Without the pictures, set down every record below exactly as it reads.

[Saved data entries]

___

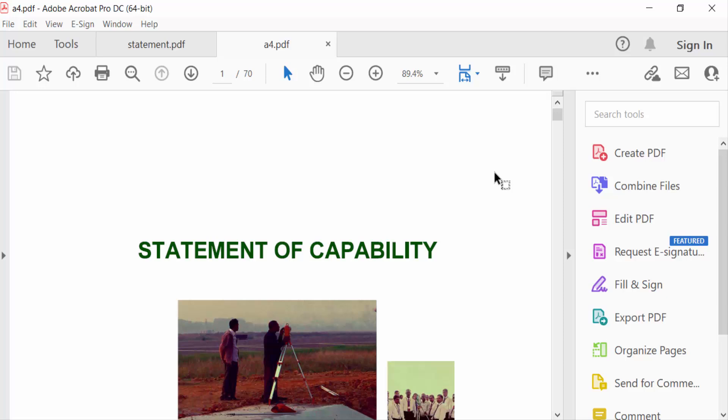So in this way we have converted a legal paper size to A4 paper size in a PDF document. I hope you enjoyed this video. Thanks for watching and don't forget to subscribe to my channel. Thank you.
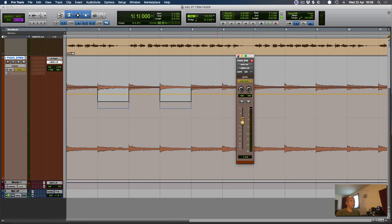What I find this particularly useful for is, say you've got a lead vocal and you've got lots of different automation volume changes going on, and you just want to offset the whole vocal throughout the whole track — throw it into Trim Mode and then just offset it by however much you want, and there you go.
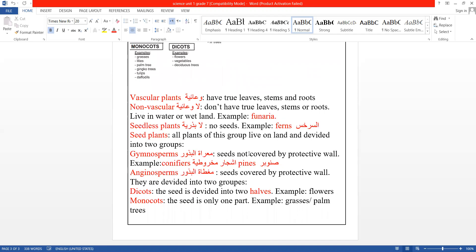Gymnosperms don't have a protective covering (ما إلها غطاء حامي لها). Examples: conifers (الشجار المخروطية) and pines (الشجار السنوّر).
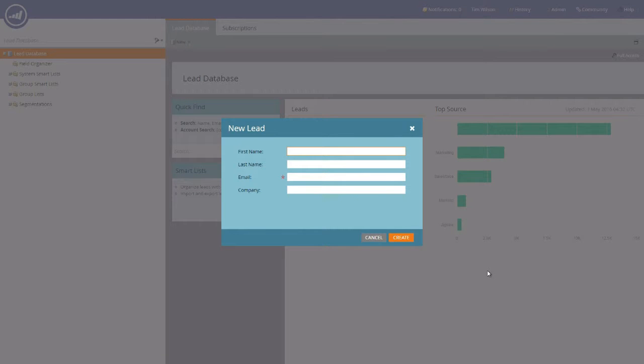This pop-up menu will provide you with a form and in this form there are four fields: First Name, Last Name, Email and Company. The only mandatory field at this point is email address.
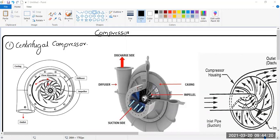Compressors are a vital part of the aeroplane engine. The compressor takes air from the front of the engine, increases the pressure, and puts it into the combustion chamber. There are two types of compressors: centrifugal flow compressor and axial flow compressor.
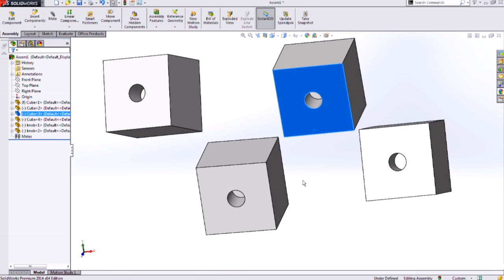Hi, my name is Holly Cheek and I'm an applications engineer for Hawkwood Systems. In today's video we will be covering Smartmates.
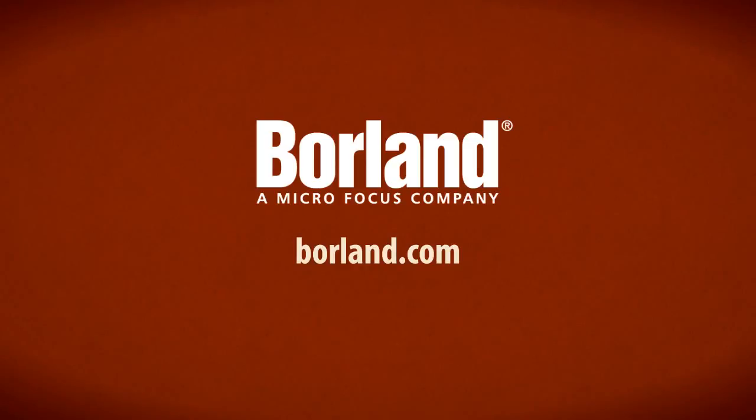For StarTeam customers, managing Agile teams and projects has never been so easy.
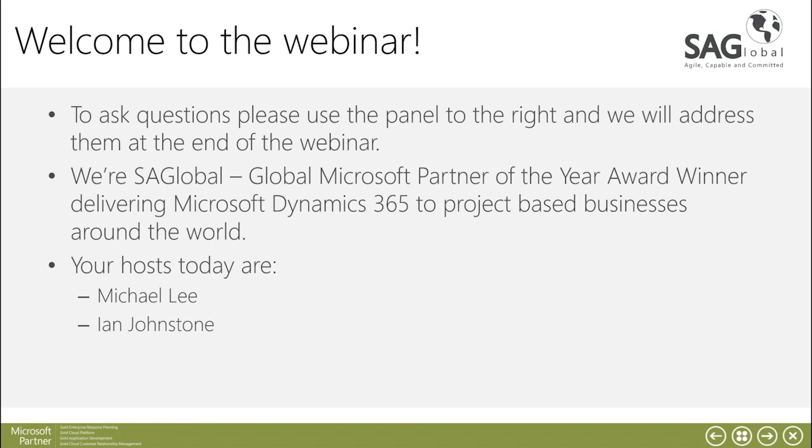Hi and thank you for joining the webinar. Just to go further, this is a Making Tax Digital presentation for D365 as well as AX and it's presented by SA Global.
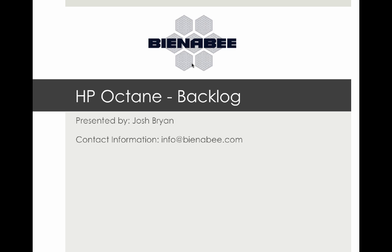So that was the backlog for HP ALM Octane. My name is Josh Bryan. If you have any questions about this video, feel free to reach out. And if you did like this video, feel free to like and subscribe. Thanks much. Bye bye.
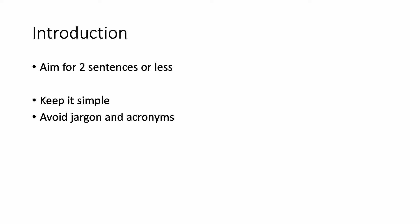Let's start with the introduction. Aim for two sentences or less. Keep it simple. No jargon, no acronyms, and it has to be very concise.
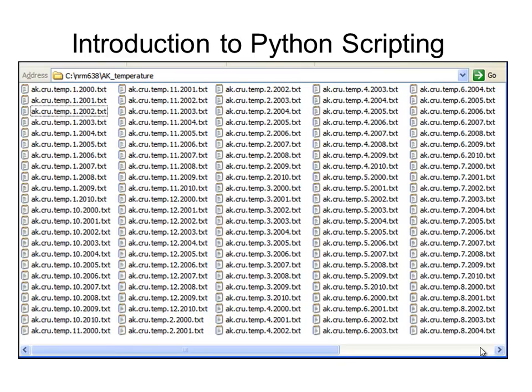The first week in this class, we're going to work outside of ArcGIS, doing basic Python scripting, working with folders and files. Here's an example: we've got some temperature text files from Alaska with cryptic names like ak.cru.temp.1.2000.txt, which would be from January 2001. We want to write a simple Python script that will rename all these files into more meaningful names.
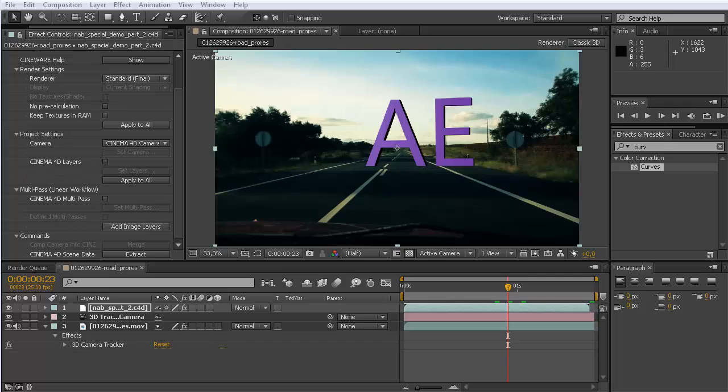Hello and welcome to this second part of the tutorial about the integration between After Effects and Cinema 4D that is coming in the next version of After Effects that comes after CS6.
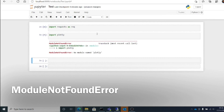Hello people, welcome back to my channel. Today we are continuing with our Jupyter Notebook series. This is a very common error that we get when we try to import some libraries from Jupyter Notebook. I'll show you a trick on how you can go ahead and install those libraries from Jupyter Notebook itself, without going into the command prompt or terminal.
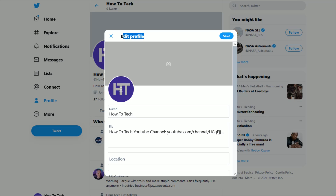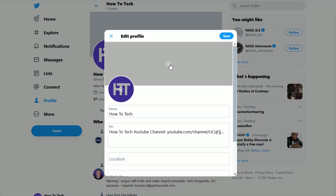In the edit profile area, there should be a little camera image in the area where your banner would be on your Twitter profile. This is what we want to click on to set up that banner image or change one that you might already have set up in the past.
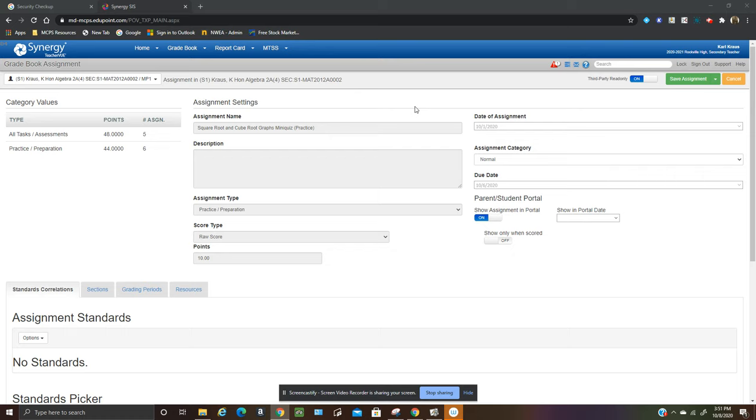It takes you to this screen right here and this button right here is what prevents you from overwriting grades once you sync them from Canvas. So if I want to overwrite them I have to turn this to off.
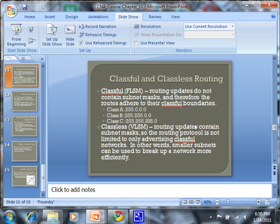And that is everything for Chapter 10. Any questions on that before we actually move into RIP?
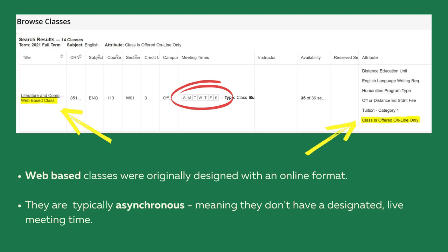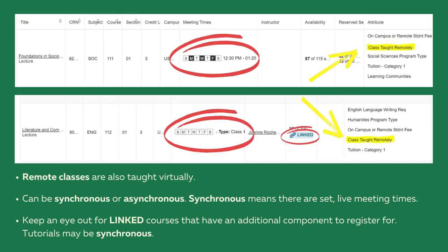Look at the red circle. Remote classes are also taught virtually. They can be synchronous or asynchronous. Synchronous means that there are set live meeting times.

___

▶ **Answer to this problem**:
So in this way we have converted a legal paper size to A4 paper size in a PDF document. I hope you enjoyed this video. Thanks for watching and don't forget to subscribe to my channel. Thank you.
What I find this particularly useful for is, say you've got a lead vocal and you've got lots of different automation volume changes going on, and you just want to offset the whole vocal throughout the whole track — throw it into Trim Mode and then just offset it by however much you want, and there you go.
Gymnosperms don't have a protective covering (ما إلها غطاء حامي لها). Examples: conifers (الشجار المخروطية) and pines (الشجار السنوّر).
This pop-up menu will provide you with a form and in this form there are four fields: First Name, Last Name, Email and Company. The only mandatory field at this point is email address.
Compressors are a vital part of the aeroplane engine. The compressor takes air from the front of the engine, increases the pressure, and puts it into the combustion chamber. There are two types of compressors: centrifugal flow compressor and axial flow compressor.
Hi, my name is Holly Cheek and I'm an applications engineer for Hawkwood Systems. In today's video we will be covering Smartmates.
For StarTeam customers, managing Agile teams and projects has never been so easy.
Hi and thank you for joining the webinar. Just to go further, this is a Making Tax Digital presentation for D365 as well as AX and it's presented by SA Global.
So that was the backlog for HP ALM Octane. My name is Josh Bryan. If you have any questions about this video, feel free to reach out. And if you did like this video, feel free to like and subscribe. Thanks much. Bye bye.
Let's start with the introduction. Aim for two sentences or less. Keep it simple. No jargon, no acronyms, and it has to be very concise.
The first week in this class, we're going to work outside of ArcGIS, doing basic Python scripting, working with folders and files. Here's an example: we've got some temperature text files from Alaska with cryptic names like ak.cru.temp.1.2000.txt, which would be from January 2001. We want to write a simple Python script that will rename all these files into more meaningful names.
Hello and welcome to this second part of the tutorial about the integration between After Effects and Cinema 4D that is coming in the next version of After Effects that comes after CS6.
Hello people, welcome back to my channel. Today we are continuing with our Jupyter Notebook series. This is a very common error that we get when we try to import some libraries from Jupyter Notebook. I'll show you a trick on how you can go ahead and install those libraries from Jupyter Notebook itself, without going into the command prompt or terminal.
In the edit profile area, there should be a little camera image in the area where your banner would be on your Twitter profile. This is what we want to click on to set up that banner image or change one that you might already have set up in the past.
It takes you to this screen right here and this button right here is what prevents you from overwriting grades once you sync them from Canvas. So if I want to overwrite them I have to turn this to off.
And that is everything for Chapter 10. Any questions on that before we actually move into RIP?
Look at the red circle. Remote classes are also taught virtually. They can be synchronous or asynchronous. Synchronous means that there are set live meeting times.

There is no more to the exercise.